Secondly, in the first section of Article 1, the legislator has mentioned the motive for committing the crime as “with the motive of reforming the affairs of the country against the management and political institutions or internal or external policies of the country” and in paragraphs (a) and (b) of Article 2, has described the crime of insult. Apart from political crimes, even with the motive of reforming the affairs of the country, is it possible to commit acts of insult in ordinary crimes with a benevolent motive?

Thirdly; criticism in its Greek root means judgment and evaluation based on knowledge and insight. The question that arises is, what is the line between “criticism” of the government’s political performance and political crimes and criminal behaviors?

Not every opposition or protest is considered a criminal act in practical terms. Considering that every opposition or protest falls into three categories: personal, political, and fundamental, it seems that the legislator considers any fundamental protest as a crime against security, which in itself requires careful consideration.

Fourthly, the second clause of Article 1 states that “without intending to strike at the principle of the system, the act shall be considered a political crime.” This also divides political criminals into those within and outside the government.

It is necessary here to address both extra-systemic political crimes and intra-systemic political crimes. Extra-systemic political crimes are crimes in which the impact of the crime is considered. The perpetrator commits one of the general crimes with the intention of overthrowing the political system or striking at the main pillars of the governing political system. Therefore, in these crimes, government institutions are damaged.
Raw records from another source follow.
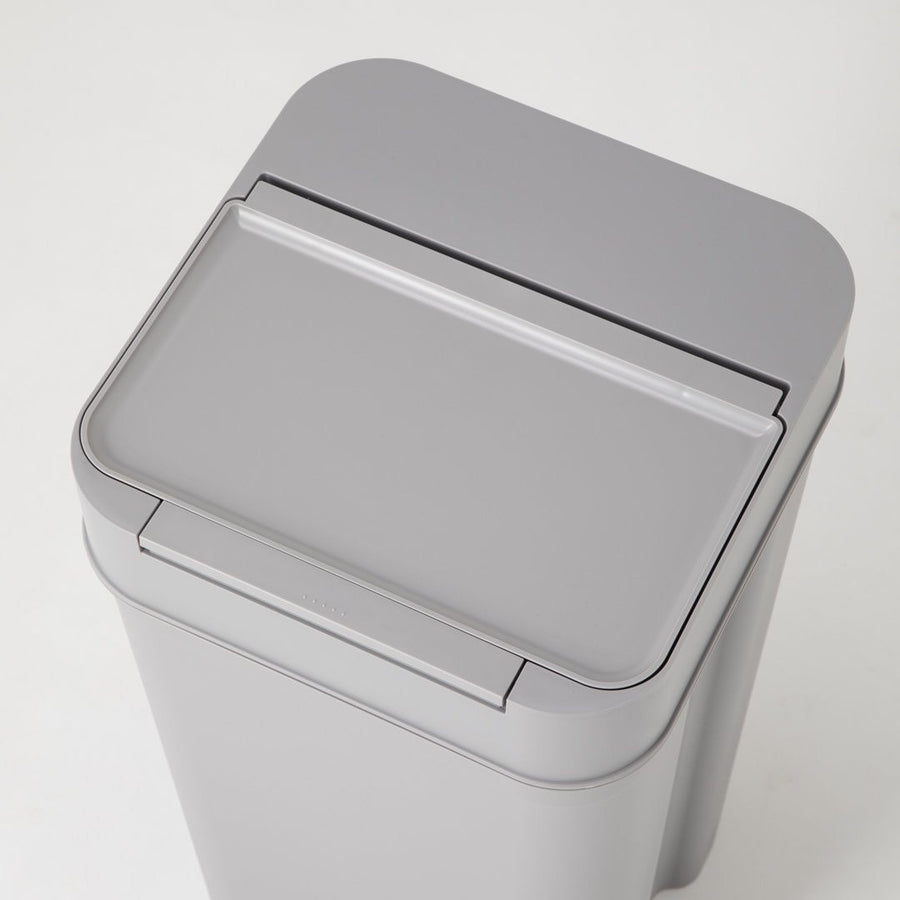 Seals 45 Airtight Dustbin, Gray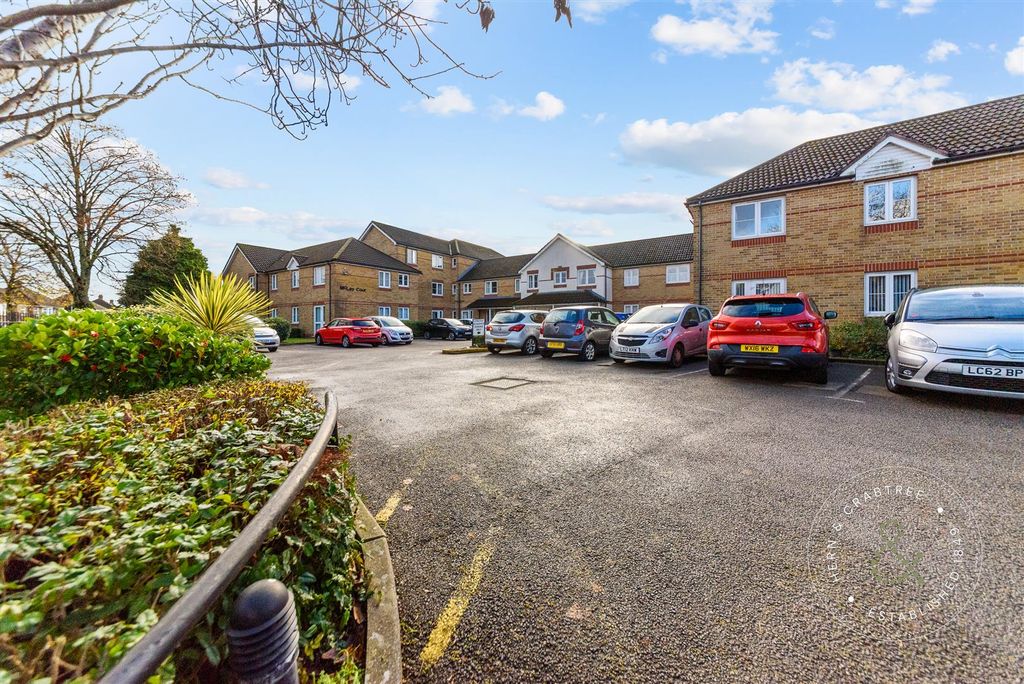 Property photo 1 of 17 Mclay-Court-11.Jpg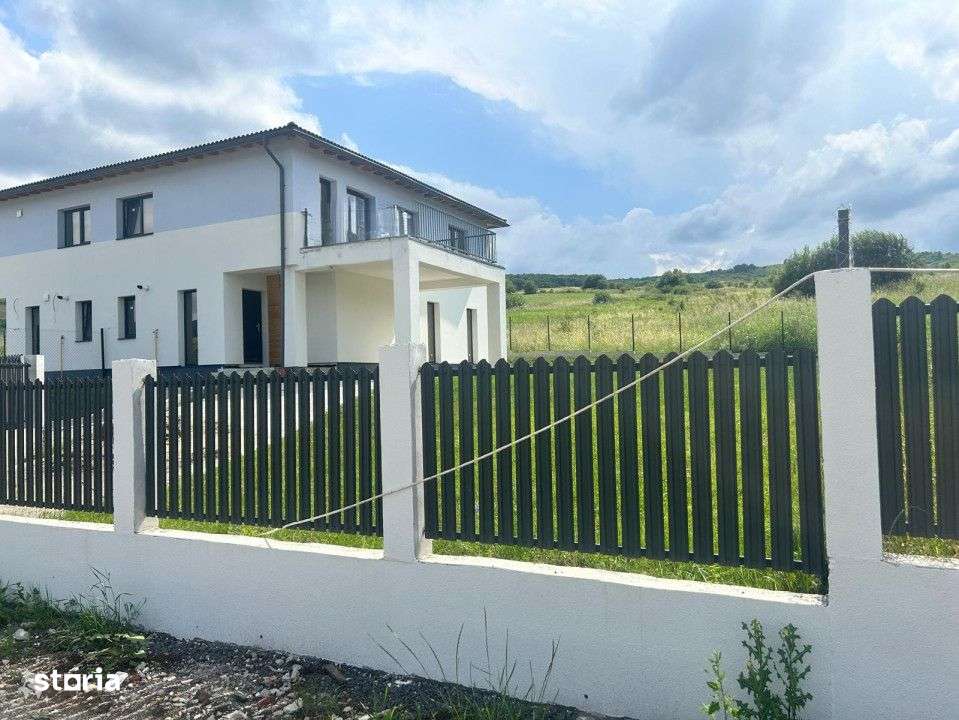 Duplex construit la standarde inalte de calitate la intrare in Corusu - Imagine principală: 5/19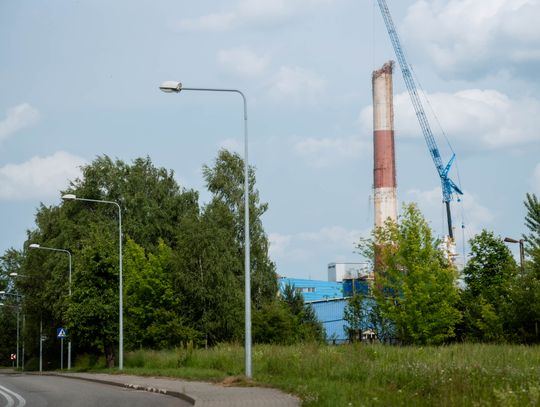 Wyburzanie komina RADPEC południe (zdjęcia)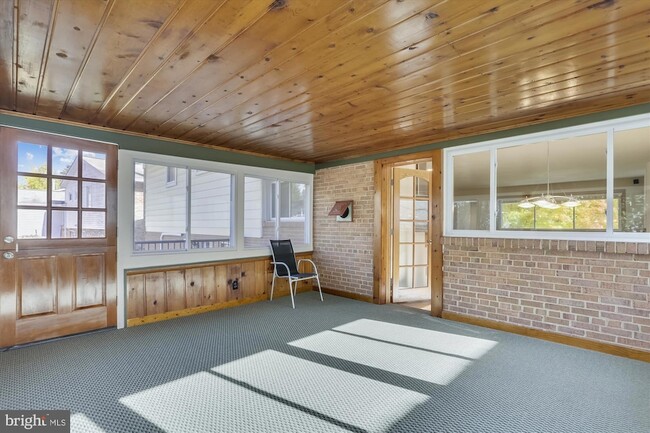 Building Photo - 6403 Tone Dr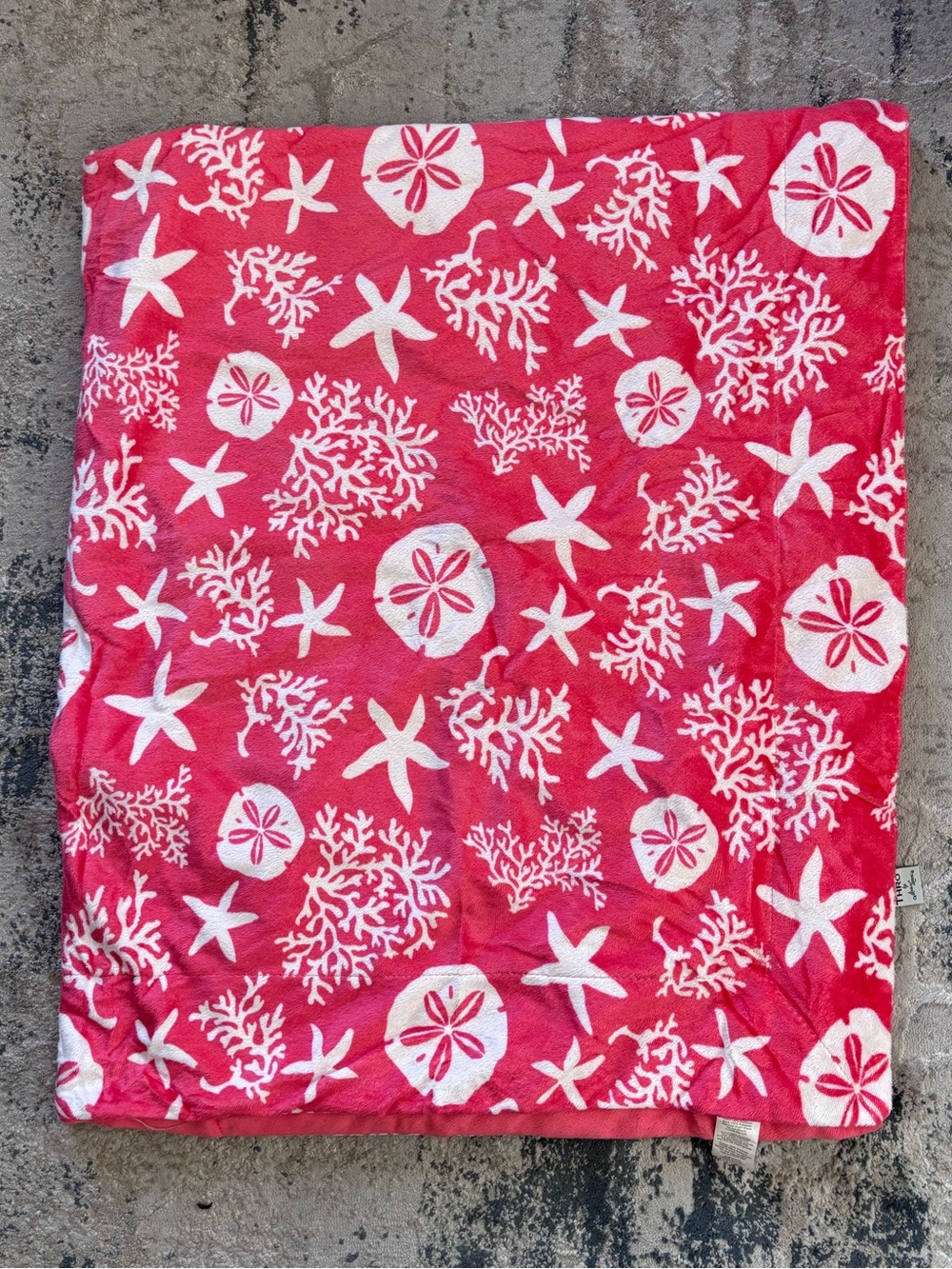 Throw blanket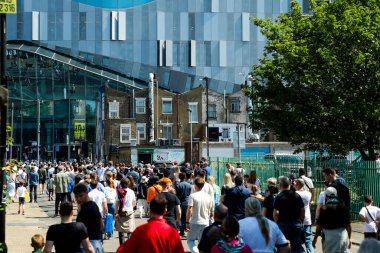 Tottenham Hotspur Stadyumu 'na 11 Mayıs 2025' te Tottenham Hotspur ile Crystal Palace arasındaki Premier League maçı öncesinde taraftarlar geldi.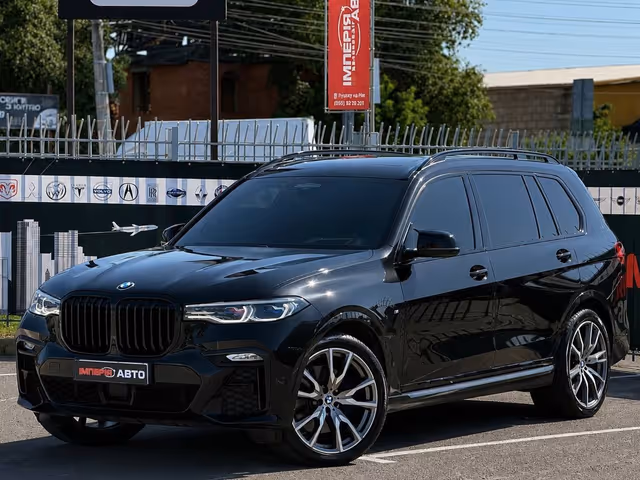 BMW X7 - фото 1
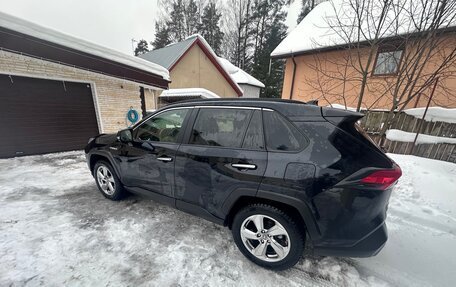 Toyota RAV4, 2020 год, 3 550 000 рублей, 9 фотография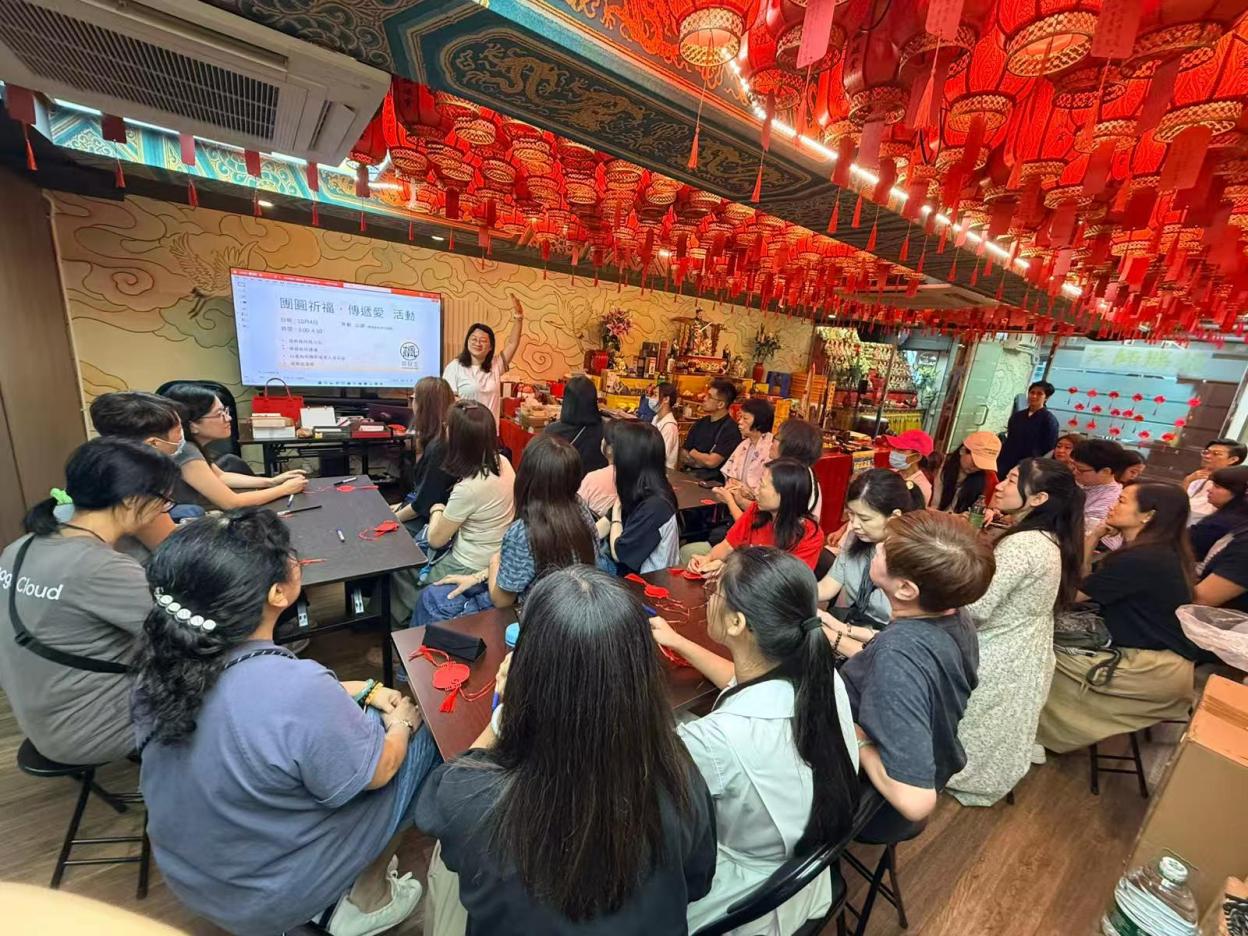 A group of people sitting in a room
AI-generated content may be incorrect.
However, intra-systemic political crimes are crimes in which the perpetrator, without intending to strike at the principles and main framework of the governing political system, criticizes the performance of the rulers or seeks to gain or maintain political power, and in doing so, commits one of the general crimes. In this system, the perpetrator’s motivation in committing a crime against the government and its interests is taken into account. That is, if the criminal’s goal is to satisfy their selfish desires and political ambitions, it is not considered a political crime. However, if the goal is selfless and based on the consideration of public interests

The intention that is determined by the competence of the court and the judiciary in the case at hand, is that this very power of determination creates the grounds for the arbitrary actions of judges and the biased actions of security officials. For example, in the crime of disrupting public order with a political situation, due to the lack of a precise legal definition of the scope of public order, different inferences are made for and against it. It is possible for an action to be considered as disrupting public order by some, and the opposite by others.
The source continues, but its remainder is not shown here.